Auch wenn es kaum jemand öffentlich zugibt, die meisten Menschen hassen den Valentinstag. Männer vergessen ihn und müssen dafür die nächsten vier Wochen zu Kreuze kriechen und Frauen fühlen sich von der jahreszeitlich verordneten Zwangsromantik noch schlimmer unter Druck gesetzt als von der familiären Weihnachtseintracht.

Am Valentinstag muss offenbar alles in Herzform sein.
Foto: sxc.hu
Es wird immer wieder gern behauptet, der Valentinstag sei eine Erfindung der Floristen, was diese natürlich leugnen, um sogleich auf eine alte römische Tradition zu Ehren der Göttin Juno und auf einen hingerichteten Katholiken zu verweisen. Dabei wird verschwiegen, wer in Wirklichkeit hinter dieser perfiden Tradition steckt: Der »Verein zur Förderung von Ehe und Fortpflanzung«, dessen deutsche Abteilung in einem verschneiten kleinen Örtchen in Niederbayern seinen Hauptsitz hat.

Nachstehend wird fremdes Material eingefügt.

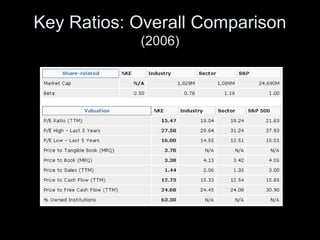 Key Ratios: Overall Comparison 
(2006)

Gegründet wurde der Verein vor etwa 80 Jahren in den USA, als sich dort erstmals sehr zarte Keime des Aufbegehrens von Frauen zeigten, die ihr höchstes Glück nicht in der Mutterschaft sahen. Um den Fortbestand des westlichen Teils der Menschheit besorgt, tüftelten die Väter des Valentinstages einen Plan aus, um fortan alleinstehende Frauen mindestens einmal im Jahr öffentlich zu demütigen.

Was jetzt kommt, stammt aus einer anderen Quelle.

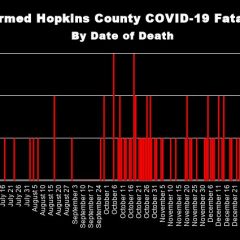 Jan. 16 COVID-19 Update: 1 Fatality, 17 New Cases, 80 Recoveries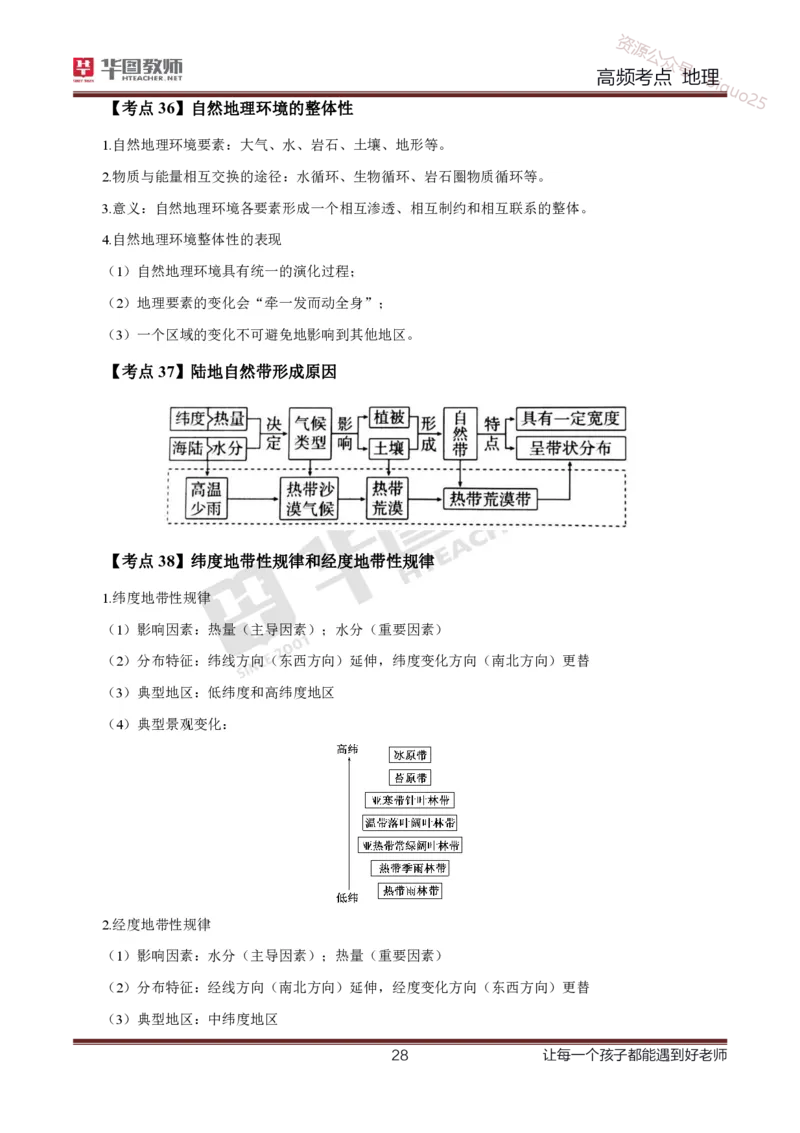 2、中学地理考点笔记2_教资_33教资笔试历年真题汇总（科一+科二+科三）_科三真题_02初中科三各科电子资料包合集_地理（资料文档）_初中地理_03科三考点笔记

Unterstützung fanden sie sofort in geschäftstüchtigen Floristen und Gastronomen, die sich zusammenfanden um den 14. Februar erst landesweit, dann international in ein rosenrotes Licht komplett mit Weichzeichner zu tauchen. Und nur wer bereits einen liebenden Partner vorweisen kann, bzw. sich umworben auf dem Weg zur Verpaarung befindet, darf teilnehmen an der allgemeinen Glückseligkeit.

Der Verein schaffte es innerhalb kurzer Zeit, den sozialen Druck bereits in den Schulen zu etablieren. Der Popularitätsgrad und damit auch das Gefühl, etwas richtig gemacht zu haben, bemaß sich bald an der Anzahl der Karten, die heimliche Verehrer einem Mädchen zum Valentinstag schickten – und die sie hinterher unter altersgerechtem Gekicher rumzeigen konnte. Heute werden die Karten zwar meist durch SMS mit schaurigem Herzlogo ersetzt, aber das Prinzip ist geblieben.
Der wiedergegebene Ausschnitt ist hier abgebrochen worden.